The bears are pretty shy so we often don’t have time to get photos of them before they retreat. And really, we prefer to look through our own eyes rather than a viewfinder or screen whenever possible on the Ranch. Firsthand experiences like this keep on giving as you get to tell and retell the story.

Bear Sighting At The High Lonesome Ranch

Proof around here can be seen at any Staff Meeting when discussion quickly moves to whether the mostly black-with-a-white-chest-blaze bear was seen in a new place, or if that one cinnamon bear was 400 or 450lbs. Almost double the size of your average black bear according to Colorado Parks & Wildlife information.

Brookside Gun Dogs At The High Lonesome Ranch

Our adventures start early in the morning to beat the summer heat and afternoon thunderstorms. Not only do we see bears and the sunrise, we also see Steve and his son Dillon, of Brookside Gun Dogs, training their pointers and flushers in the fields around Guest House or Pond House. For those moments, watching the dogs sustains our enthusiasm for the hunts in the off-season.

And just like that, the last couple of months have flown by and The High Lonesome Ranch has some plans for our wing-shooting season starting in September across new fields.

The High Lonesome Ranch

As always, it comes back to our Regenerative Agriculture and Cattle program to support the Land. This means new grasses and fields to hunt, cooperative efforts between Melissa, Dakota and Brookside, and anticipation for the future as all of this translates into native bird populations returning and a more enjoyable sporting experience.

Plenty of opportunities to look for those rainbows and silver linings as monsoon season seams to have started a little early this year here on the Western Slope of Colorado. The rain is a welcome change from the drought even as it presents new erosion issues in the burn scar areas left from the Pine Gulch Fire last year.

We look forward to the regrowth in our habitats, fisheries, structures, and grazing to come from these powerful natural processes.

The High Lonesome Ranch

As always, it comes back to our Regenerative Agriculture and Cattle program to support the Land. This means new grasses and fields to hunt, cooperative efforts between Melissa, Dakota and Brookside, and anticipation for the future as all of this translates into native bird populations returning and a more enjoyable sporting experience.

Plenty of opportunities to look for those rainbows and silver linings as monsoon season seams to have started a little early this year here on the Western Slope of Colorado. The rain is a welcome change from the drought even as it presents new erosion issues in the burn scar areas left from the Pine Gulch Fire last year.

We look forward to the regrowth in our habitats, fisheries, structures, and grazing to come from these powerful natural processes.

Facing these changes it is crucial that we have a team with a positive attitude and who know how to get stuff done. Last month we introduced you to Dakota and Melissa who run our Regenerative Ag program.

Daniel Landscape Manager High Lonesome Ranch

This month we want to introduce Daniel Lane, our Landscape & Maintenance Manager.

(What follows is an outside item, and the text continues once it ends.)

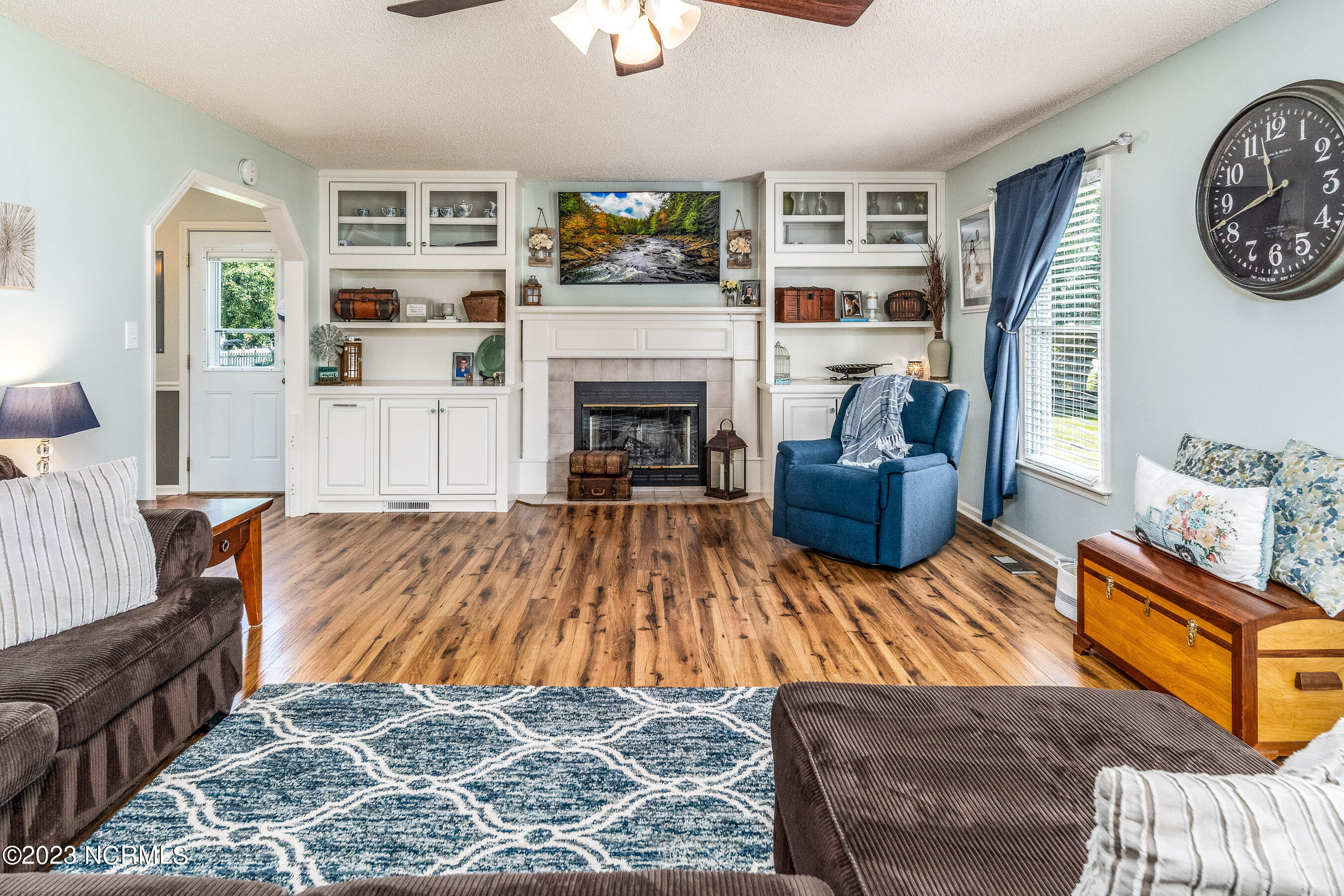 1947 Ivy Road Greenville, NC 27858 - Photo 5 of 35 20230510 MLS A_Dhillion 1947 Ivy Rd Gree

Dan is our go-to for questions on repairs, fixes, construction, welding, plumbing, trucks, tractors, archery, and just about anything or topic you might encounter out on the Ranch.

His responses usually have you asking yourself “why didn’t I think of that” because of their logic and simplicity. What he makes look so easy is not actually intuitive but practical years spent as a contractor, working on other ranches around the West, raising three active kids, participating in 4-H programs with them and as an instructor in multiple disciplines, and his own personal passions for the different activities that keep bringing us all back to these wild places.

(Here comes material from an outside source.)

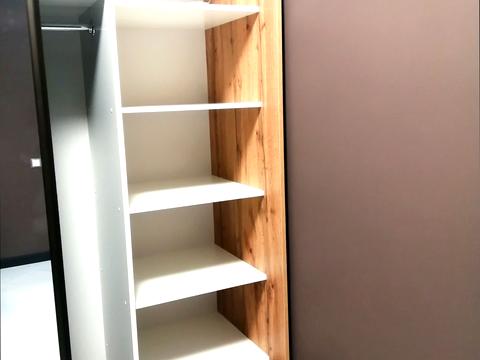 квартира по адресу Князя Романа Мстиславича ул. (Генерала Жмаченка), 28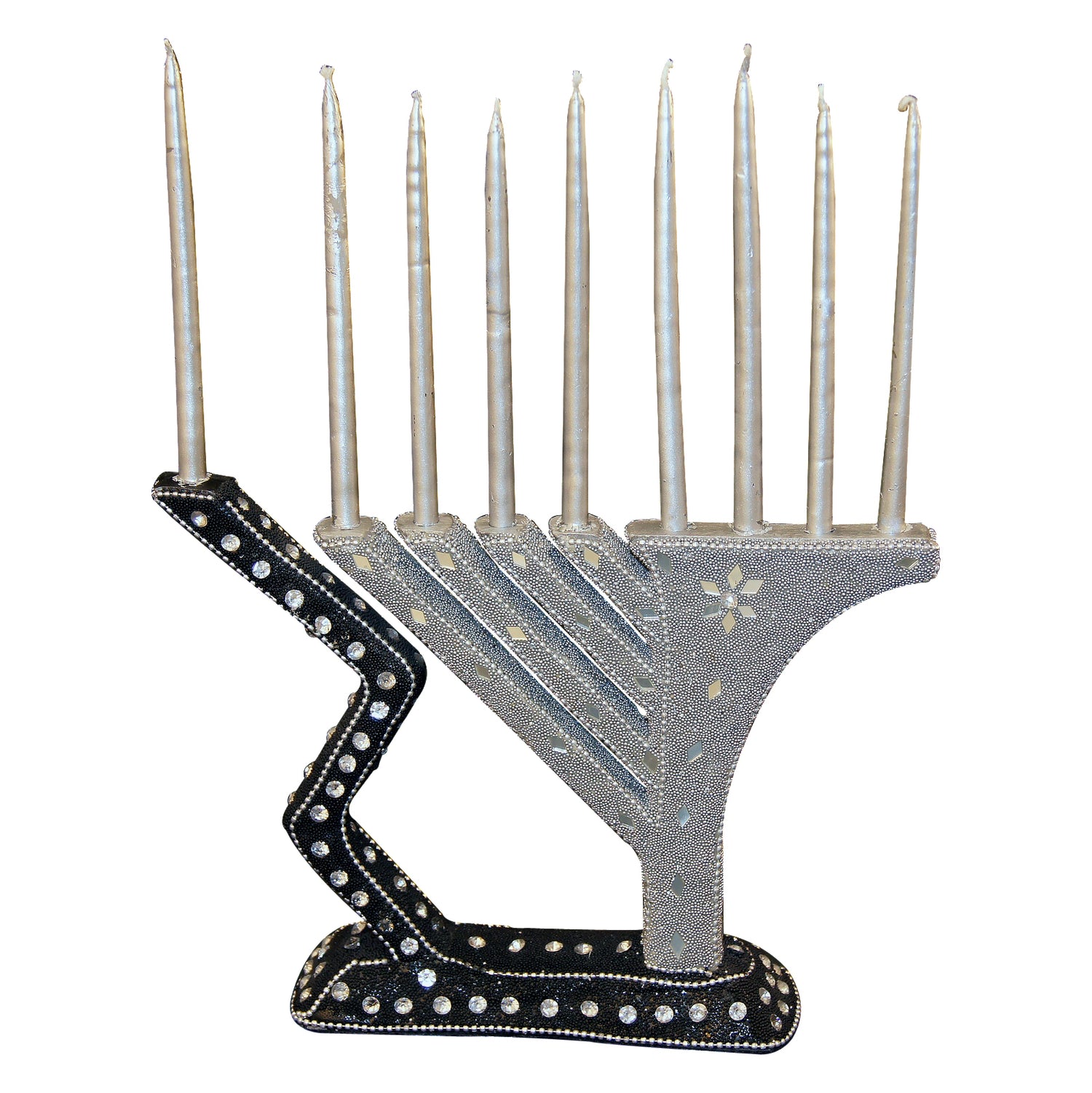 Menorah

Maintenance at The High Lonesome Ranch

Picture a more sophisticated Red Green who has significantly less need for duct tape and you might have an inkling of how he’s endeared himself to his coworkers and others around him.

Indeed he enjoys the work so much it can be difficult at times to get him to let one of his trainees do it. Or maybe like the rest of us, he’s happy for any excuse to be outside and not in the office. All kidding aside, the quality of work and work ethic he demonstrates are increasingly hard to come by these days.

Just a few of the reasons we’re glad Dan joined The High Lonesome Ranch Team last fall in the path of the Pine Gulch Fire (an event that might have daunted a less hearty soul) and if that isn’t enough proof of his Western Spirit tenacity and patience we’re not sure what is.